Quite the contrary, says john a powell, the director of the Kirwan Institute for the Study of Race and Ethnicity at Ohio State University, who warns in an interview with me that progressives as well as conservatives are badly misreading the racial landscape that the country has entered in the age of President Obama.
powell is leading a new organization, Americans for American Values, that will look at the nation's continuing racial disparities from a different angle from how it has been frequently addressed. While much of the debate around race has focused on conscious attitudes (which is what was being measured by the Times/CBS poll) and behavior, Americans for American Values will focus on unconscious bias and how that bias affects our educational, economic and social institutions.
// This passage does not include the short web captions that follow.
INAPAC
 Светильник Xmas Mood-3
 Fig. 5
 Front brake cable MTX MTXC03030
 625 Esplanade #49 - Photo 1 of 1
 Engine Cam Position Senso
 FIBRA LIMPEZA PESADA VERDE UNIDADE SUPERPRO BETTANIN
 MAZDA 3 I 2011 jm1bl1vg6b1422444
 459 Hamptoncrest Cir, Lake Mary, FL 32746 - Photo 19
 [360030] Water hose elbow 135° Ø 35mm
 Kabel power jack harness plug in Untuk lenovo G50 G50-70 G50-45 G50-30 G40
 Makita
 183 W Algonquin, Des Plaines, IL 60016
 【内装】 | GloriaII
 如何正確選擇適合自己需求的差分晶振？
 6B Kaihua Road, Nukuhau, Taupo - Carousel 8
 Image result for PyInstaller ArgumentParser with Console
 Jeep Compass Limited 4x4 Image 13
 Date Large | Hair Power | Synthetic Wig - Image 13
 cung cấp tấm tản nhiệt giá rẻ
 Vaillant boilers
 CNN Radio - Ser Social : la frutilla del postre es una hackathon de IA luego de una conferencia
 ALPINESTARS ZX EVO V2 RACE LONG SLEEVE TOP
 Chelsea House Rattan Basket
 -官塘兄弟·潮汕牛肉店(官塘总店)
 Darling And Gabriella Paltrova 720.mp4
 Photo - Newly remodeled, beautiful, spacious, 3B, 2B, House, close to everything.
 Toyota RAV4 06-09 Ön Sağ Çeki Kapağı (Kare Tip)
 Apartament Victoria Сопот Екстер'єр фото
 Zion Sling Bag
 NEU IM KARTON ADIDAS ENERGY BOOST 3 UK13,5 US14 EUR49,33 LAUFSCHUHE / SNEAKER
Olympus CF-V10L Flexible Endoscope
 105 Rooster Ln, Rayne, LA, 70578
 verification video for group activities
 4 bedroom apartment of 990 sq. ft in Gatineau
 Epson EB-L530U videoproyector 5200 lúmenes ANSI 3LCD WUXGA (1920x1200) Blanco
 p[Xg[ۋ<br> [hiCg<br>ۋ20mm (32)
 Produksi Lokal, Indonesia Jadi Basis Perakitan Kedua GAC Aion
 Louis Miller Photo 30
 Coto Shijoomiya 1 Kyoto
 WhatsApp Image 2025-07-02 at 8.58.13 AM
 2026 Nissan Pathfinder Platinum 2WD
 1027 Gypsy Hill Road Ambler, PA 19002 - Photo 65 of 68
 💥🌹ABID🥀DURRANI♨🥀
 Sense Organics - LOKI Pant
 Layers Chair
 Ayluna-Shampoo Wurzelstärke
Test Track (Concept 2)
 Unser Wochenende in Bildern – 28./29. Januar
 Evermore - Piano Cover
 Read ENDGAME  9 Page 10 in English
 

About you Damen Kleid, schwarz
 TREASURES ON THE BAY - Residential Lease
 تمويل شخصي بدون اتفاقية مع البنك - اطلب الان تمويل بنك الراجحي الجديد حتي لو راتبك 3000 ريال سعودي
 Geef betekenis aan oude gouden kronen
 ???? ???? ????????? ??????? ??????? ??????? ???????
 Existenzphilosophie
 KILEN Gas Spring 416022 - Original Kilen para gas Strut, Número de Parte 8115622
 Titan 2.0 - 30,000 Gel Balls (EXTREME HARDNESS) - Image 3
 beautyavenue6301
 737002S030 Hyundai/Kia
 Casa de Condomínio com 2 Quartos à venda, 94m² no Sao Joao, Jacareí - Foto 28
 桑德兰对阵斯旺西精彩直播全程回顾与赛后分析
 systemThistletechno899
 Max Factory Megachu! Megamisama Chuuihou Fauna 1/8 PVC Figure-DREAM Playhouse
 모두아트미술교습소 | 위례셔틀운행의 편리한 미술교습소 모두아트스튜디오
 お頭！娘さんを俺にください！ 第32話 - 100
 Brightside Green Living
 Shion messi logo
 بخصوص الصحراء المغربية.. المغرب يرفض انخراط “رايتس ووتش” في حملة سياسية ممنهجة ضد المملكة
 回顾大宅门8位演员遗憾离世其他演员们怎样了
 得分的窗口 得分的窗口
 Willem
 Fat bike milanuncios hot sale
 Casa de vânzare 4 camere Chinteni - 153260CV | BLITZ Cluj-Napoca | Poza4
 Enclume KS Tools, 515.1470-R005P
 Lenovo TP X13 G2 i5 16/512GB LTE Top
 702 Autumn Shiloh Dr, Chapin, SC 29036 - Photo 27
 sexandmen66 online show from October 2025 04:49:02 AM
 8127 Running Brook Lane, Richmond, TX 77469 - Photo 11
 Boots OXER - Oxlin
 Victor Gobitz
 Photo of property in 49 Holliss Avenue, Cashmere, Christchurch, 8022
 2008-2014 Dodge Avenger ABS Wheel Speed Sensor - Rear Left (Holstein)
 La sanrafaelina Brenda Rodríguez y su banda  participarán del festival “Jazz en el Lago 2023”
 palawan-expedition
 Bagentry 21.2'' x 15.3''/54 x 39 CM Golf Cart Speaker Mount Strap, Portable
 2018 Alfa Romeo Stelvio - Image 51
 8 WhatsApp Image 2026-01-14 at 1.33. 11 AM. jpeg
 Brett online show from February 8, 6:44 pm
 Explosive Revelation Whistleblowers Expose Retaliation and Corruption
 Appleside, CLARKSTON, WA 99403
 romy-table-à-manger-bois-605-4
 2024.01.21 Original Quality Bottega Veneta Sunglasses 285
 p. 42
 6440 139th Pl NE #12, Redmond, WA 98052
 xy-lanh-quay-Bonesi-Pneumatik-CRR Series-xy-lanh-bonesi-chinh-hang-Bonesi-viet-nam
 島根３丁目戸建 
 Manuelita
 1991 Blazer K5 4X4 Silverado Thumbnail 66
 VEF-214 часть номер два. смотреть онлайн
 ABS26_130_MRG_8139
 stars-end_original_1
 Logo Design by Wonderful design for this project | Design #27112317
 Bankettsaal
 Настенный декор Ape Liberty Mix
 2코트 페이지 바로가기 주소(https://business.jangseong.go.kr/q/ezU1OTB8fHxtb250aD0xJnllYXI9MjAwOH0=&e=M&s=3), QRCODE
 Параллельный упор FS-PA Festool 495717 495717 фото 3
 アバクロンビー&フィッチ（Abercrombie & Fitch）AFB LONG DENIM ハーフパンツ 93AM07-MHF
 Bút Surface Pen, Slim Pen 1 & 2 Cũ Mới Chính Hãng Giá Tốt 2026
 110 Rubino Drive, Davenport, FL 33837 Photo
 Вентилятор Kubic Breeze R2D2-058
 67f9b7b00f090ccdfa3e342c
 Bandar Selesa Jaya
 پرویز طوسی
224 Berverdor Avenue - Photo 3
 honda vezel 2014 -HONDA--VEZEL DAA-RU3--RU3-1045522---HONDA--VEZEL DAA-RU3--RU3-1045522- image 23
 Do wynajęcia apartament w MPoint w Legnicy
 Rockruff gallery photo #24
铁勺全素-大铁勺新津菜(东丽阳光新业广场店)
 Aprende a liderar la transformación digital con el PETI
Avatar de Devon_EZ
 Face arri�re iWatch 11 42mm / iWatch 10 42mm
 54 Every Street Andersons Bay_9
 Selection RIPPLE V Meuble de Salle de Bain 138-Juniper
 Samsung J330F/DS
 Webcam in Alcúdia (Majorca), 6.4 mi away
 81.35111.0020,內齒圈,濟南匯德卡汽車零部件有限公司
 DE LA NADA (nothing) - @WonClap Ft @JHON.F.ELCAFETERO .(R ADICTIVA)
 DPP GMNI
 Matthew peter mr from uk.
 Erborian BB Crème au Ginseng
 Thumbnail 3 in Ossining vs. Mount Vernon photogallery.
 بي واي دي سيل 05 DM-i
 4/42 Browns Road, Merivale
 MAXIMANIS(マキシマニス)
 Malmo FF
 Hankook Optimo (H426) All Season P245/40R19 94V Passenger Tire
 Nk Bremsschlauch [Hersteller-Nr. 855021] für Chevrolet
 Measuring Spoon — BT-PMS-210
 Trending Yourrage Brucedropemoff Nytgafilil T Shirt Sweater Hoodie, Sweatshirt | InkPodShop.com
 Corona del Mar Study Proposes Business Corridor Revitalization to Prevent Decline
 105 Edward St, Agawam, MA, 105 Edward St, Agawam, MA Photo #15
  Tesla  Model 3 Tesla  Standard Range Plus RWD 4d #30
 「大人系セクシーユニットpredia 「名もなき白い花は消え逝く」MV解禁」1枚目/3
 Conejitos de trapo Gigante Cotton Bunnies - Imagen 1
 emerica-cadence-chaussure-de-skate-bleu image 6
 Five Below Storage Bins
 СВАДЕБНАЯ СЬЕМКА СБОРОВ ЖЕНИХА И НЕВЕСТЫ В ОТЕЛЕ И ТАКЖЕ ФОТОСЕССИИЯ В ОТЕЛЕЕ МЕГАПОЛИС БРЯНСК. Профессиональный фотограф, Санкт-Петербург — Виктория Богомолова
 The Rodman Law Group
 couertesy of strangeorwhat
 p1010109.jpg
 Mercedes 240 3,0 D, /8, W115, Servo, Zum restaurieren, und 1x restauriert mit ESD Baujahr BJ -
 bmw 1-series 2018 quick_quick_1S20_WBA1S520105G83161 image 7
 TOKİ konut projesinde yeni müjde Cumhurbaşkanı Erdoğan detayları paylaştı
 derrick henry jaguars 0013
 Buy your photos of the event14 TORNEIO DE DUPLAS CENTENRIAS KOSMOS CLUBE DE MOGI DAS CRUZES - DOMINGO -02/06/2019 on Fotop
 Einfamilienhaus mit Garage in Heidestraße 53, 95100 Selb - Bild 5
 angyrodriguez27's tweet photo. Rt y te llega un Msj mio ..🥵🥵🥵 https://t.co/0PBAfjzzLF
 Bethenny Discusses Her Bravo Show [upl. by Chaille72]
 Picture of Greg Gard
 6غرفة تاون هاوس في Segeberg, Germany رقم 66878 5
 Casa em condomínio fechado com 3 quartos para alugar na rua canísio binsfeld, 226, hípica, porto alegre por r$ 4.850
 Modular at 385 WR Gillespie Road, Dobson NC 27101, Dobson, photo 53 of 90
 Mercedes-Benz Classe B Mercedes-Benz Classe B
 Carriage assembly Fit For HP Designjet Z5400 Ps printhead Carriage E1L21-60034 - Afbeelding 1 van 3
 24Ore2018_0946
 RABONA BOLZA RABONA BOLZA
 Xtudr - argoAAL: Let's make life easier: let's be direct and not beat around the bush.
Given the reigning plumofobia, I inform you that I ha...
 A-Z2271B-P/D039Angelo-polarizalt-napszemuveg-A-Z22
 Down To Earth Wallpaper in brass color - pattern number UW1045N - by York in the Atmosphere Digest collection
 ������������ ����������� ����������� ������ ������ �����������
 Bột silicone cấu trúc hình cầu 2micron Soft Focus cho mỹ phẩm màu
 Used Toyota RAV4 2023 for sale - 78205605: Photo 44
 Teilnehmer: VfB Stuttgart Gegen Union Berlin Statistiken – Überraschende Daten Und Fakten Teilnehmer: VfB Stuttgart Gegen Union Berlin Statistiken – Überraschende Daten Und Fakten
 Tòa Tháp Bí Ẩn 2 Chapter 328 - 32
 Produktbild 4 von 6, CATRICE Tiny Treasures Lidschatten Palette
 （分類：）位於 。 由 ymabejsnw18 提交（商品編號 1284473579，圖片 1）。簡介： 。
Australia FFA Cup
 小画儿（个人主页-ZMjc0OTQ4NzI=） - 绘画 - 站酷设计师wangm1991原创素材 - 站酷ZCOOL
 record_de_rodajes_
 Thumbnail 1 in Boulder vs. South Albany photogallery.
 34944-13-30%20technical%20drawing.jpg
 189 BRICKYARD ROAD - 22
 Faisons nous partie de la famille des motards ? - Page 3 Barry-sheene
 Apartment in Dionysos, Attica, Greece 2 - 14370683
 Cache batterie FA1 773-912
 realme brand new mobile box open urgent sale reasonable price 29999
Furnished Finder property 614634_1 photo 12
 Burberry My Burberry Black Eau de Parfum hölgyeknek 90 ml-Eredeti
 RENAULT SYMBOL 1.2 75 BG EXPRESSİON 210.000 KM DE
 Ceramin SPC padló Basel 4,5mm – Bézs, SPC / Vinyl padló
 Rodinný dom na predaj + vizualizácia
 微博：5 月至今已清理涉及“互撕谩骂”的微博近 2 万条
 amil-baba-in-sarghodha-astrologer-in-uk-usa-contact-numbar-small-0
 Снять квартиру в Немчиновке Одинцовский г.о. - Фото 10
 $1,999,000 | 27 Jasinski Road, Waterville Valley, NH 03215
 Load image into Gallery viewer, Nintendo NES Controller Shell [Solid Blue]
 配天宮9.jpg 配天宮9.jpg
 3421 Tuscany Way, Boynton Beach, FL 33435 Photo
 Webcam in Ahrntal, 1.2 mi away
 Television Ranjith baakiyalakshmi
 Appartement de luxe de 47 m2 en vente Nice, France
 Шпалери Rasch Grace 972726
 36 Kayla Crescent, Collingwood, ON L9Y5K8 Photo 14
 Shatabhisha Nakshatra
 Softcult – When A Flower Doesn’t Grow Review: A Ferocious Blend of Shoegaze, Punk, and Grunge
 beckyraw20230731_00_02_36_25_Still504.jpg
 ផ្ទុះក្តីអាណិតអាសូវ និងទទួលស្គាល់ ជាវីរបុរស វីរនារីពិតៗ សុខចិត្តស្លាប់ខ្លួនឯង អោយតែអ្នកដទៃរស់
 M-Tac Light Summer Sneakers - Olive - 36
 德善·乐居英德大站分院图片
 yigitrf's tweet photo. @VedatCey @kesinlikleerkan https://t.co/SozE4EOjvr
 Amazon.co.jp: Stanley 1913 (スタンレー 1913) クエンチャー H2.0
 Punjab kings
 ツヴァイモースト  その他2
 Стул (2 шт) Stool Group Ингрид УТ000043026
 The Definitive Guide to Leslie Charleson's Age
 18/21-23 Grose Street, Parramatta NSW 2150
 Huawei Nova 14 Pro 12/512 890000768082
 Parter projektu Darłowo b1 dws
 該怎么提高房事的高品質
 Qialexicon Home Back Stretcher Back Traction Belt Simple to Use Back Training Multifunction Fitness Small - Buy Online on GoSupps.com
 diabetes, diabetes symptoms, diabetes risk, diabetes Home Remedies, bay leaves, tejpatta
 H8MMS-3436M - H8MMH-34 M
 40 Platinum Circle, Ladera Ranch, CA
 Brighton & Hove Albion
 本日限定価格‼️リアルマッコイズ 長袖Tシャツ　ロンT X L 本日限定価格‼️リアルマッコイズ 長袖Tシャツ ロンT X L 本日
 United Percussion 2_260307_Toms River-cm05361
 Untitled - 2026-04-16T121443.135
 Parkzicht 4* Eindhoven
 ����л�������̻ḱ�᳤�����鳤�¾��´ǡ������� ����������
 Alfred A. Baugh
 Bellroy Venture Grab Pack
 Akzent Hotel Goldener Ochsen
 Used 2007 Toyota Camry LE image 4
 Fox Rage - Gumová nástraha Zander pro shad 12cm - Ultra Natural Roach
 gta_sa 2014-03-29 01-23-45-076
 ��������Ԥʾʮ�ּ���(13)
"The research shows that unconscious bias is actually fairly high throughout the whole population. And it can be manipulated, or influenced, by the showing of images, telling of stories, hearing certain buzzwords," powell says in the interview. This bias affects individual behavior and, from a public policy perspective, leads us to embrace and adopt policies and programs that end up having a racially disparate effect, even if that effect was unintended. "We need to be aware that we can be biased and that can affect our behavior even when we don't want to be," powell says.
powell calls the "practices, cultural norms, and institutional arrangements" that grow out of this bias "racialization," and wrote about its implications in detail in an article published in the Denver University Law Review. He uses the term, he wrote in the article, because "the language of race and racism is understood in a way that is too limited and specific to help us acquire greater insight into the important questions posed" by today's racial realities in America.
Progressives, powell says, are as susceptible to accepting racialization as conservatives. "The failure to actually embrace race in a constructive, much more sophisticated way is one of the great failures of the progressive movement," he says.
It is not enough to pursue "race-neutral" policies or to use proxies for race, such as poverty, powell says. For example, in the absence of structural changes in patterns and practices that leave African Americans and women underrepresented in construction trades, the money in the economic recovery bill that is now being poured into infrastructure projects will invariably end up benefiting whites and males more than African Americans and females, powell says.
Americans for American Values will operate under the auspices of the Institute for America's Future and will conduct research into how racialization influences policy and how policies can be changed so that they are more fair and address continuing racial inequities. The project is supported by a grant from the W.K. Kellogg Foundation.
powell will be a speaker at the America's Future Now! conference in Washington June 1-3.
"What we want to do is help America to understand how race continues to operate—in interesting ways and in measurable ways—and undermine our values" of "a racially fair and racially inclusive society," powell says.